High Resolution UPLC Analysis of 2-AB Labelled Glycans

September 1, 2009

The Application Notebook

The Application Notebook, The Application Notebook-09-01-2009, Volume 0, Issue 0

Glycosylation is a post-translational modification process that can significantly affect the biological properties of therapeutic proteins.

Glycosylation is a post-translational modification process that can significantly affect the biological properties of therapeutic proteins. The successful analysis of N- and O-linked glycan structures requires the ability to reproducibly resolve complex mixtures of isomeric oligosaccharides. Hydrophilic-interaction liquid chromatography (HILIC) is a powerful technique for separating a wide range of glycan structures. If the glycans have been labelled with a tag such as 2-amino benzamide (2-AB), the fluorescence can be monitored and used for relative quantification. The technique of Ultra Performance Liquid Chromatography (UPLC) is appropriate for such a difficult analytical problem. UPLC is based on the use of columns packed with very small particles and instruments optimized for use with these high resolution columns. The ACQUITY UPLC BEH Glycan column was specifically designed for use with Waters ACQUITY UPLC system. This analytical solution gives improved resolution, sensitivity, and speed compared to HPLC techniques.

Results

The first chromatogram shows the separation of N-linked oligosaccharides released from human IgG and labelled with 2-AB. This sample naturally includes a mixture of high mannose, complex, hybrid, and sialylated glycans. Because the mixture contains a wide range of glycan classes, this sample was chosen for use as the QC standard for developing and manufacturing this column. This test ensures reproducible selectivity and resolution.

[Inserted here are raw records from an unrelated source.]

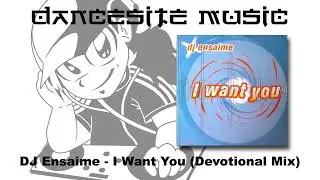 DJ Ensaime - I Want You (Devotional Mix)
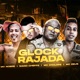 Glock Rajada feat Mc Cyclope Single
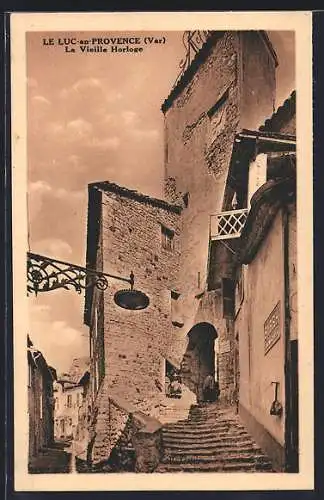 AK Le Luc-en-Provence, La Vieille Horloge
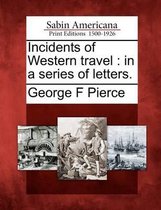 Incidents of Western Travel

Figure 1: The N-linked glycans from pooled human IgG include high mannose, neutral, and sialylated complex structures. The chromatogram shows 35 min of a 1 h run.

The chromatographic separation of all of the major oligosaccharides in the mixture, G0F, G1F, G2F, and sialylated G2F is shown. The resolution of the structure G0F (peak 2) from the structure Man5 (peak 3) is particularly important. The two isomers of G1F are also completely resolved and the significance of their relative abundance may now be investigated.

Figure 2: Analysis of 2-AB (Bovine Fetuin N-linked glycan library). Highlighted(*) are multiple peaks with a single molecular weight corresponding to disialylated biantennary glycans.

The second chromatogram shows the separation of glycans released from bovine fetuin. These oligosaccharides include differing numbers of branch antennae and differing numbers of charged, acidic sialic acid termini. A challenging pair of isomers that are resolved (*) are triantennary glycans with two sialic acid residues and they elute at 41.4 and 43.1 min.

Conclusion

Glycan separation technology columns, when operated with the ACQUITY UPLC instrument and FLR detector provide a highly-resolving, reproducible, rapid method for profiling glycans. The improved analysis provides more certain identification and reliable quantification.